Raided Trump Lawyer Asks to Toss Stormy Daniels Defamation Claim

(Bloomberg) -- Michael Cohen, the longtime Donald Trump lawyer whose office was raided by federal agents on Monday, asked a federal judge to throw out a defamation claim made against him by adult film star Stormy Daniels.

Cohen on Monday asked U.S. District Judge James Otero in Los Angeles to dismiss the allegation from a suit filed in March in which Daniels, whose real name is Stephanie Clifford, seeks to get out of a non-disclosure agreement barring her from talking about an alleged affair with Trump.

The request was filed just as Cohen’s legal troubles were multiplying well beyond a defamation claim. Investigators executed a search warrant on Monday to enter his office and a hotel room in New York as part of a probe into potential financial crimes that relates at least in part to Clifford’s lawsuit.

Cohen, who has denied wrongdoing, wants Otero to force the dispute into a private arbitration rather than public trial. Clifford says in her suit that Cohen defamed her by wrongfully portraying her as a liar in his public comments about the case.

Cohen’s lawyer, Brent Blakely, said in the filing that the defamation claim “appears to be a desperate attempt by plaintiff to keep at least a portion of this case out of arbitration.” He added that Clifford hasn’t suffered damages.

Clifford “has boasted that her pay has quadrupled because of the publicity of the instant lawsuit and her allegations about Mr. Trump in February 2018,” the filing says.

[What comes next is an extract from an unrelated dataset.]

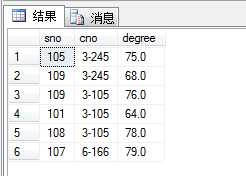 bubuko.com,布布扣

“We are confident the motion will be rejected,” Clifford’s attorney, Michael Avenatti, said by email. On Sunday Avenatti renewed a request for permission to depose Trump and Cohen under oath in preparation for a possible trial.

The subject of the defamation claim is a written statement issued by Cohen in February in which he said, “Just because something isn’t true doesn’t mean that it can’t cause you harm or damage. I will always protect Mr. Trump.” Clifford says the statement portrays her as a liar, while Cohen says it was hyperbole and, more important, was accurate.

“Plaintiff herself has repeatedly and specifically denied having any intimate relationship with Mr. Trump, on at least three occasions,” Cohen said in the filing, citing denials Clifford made in 2011 and twice in January 2018.

But Clifford has said she was coerced into making the denials, even claiming on “60 Minutes” that someone threatened to harm her if she talked. Cohen has denied any involvement in the alleged threat.

“Plaintiff either lied then or is lying now,” Cohen said in Monday’s filing.

Cohen also argued in the filing that the defamation claim is invalid because his remark about Daniels, whom he paid $130,000 to keep silent about the alleged affair, was backed by the First Amendment and related to “matters of public interest.”